One day before the Aličić family of Živinice were to leave on a trip to the seaside, their 6 ½-year-old daughter Alma complained of a headache and vomited. Instead of Orebić they ended up at the Communicable Disease Clinic in Tuzla terrified as doctors treated her for viral meningitis.
She got better, but the Šabić family in Zenica was not so lucky.
In July, about a month after 32-year-old Redžo Šabić began working in the same coal mine as his brother he complained of an overpowering headache and exhaustion and began vomiting. In a month he was dead of leptospirosis, an uncommon disease spread by rats.

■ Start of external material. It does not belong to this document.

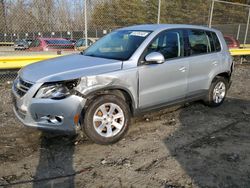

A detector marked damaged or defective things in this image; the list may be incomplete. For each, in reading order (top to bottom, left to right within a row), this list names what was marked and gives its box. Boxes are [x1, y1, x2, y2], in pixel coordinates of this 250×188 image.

These two are among the thousands of citizens in Bosnia and Herzegovina affected by outbreaks of infectious diseases since the beginning of this summer. While no country in the world is free of such illnesses, 64,278 BiH citizens, 58 percent more than last year, have been stricken this year. Doctors say they are seeing outbreaks of illnesses that have not hit the country in years – and even worse may be just ahead.
Scientists worldwide, on watch against the potential of a new form of deadly influenza to sweep the globe, are sending up warnings about the growing number of deaths from bird flu. BiH lies directly under the migratory route of the animals that carry these germs.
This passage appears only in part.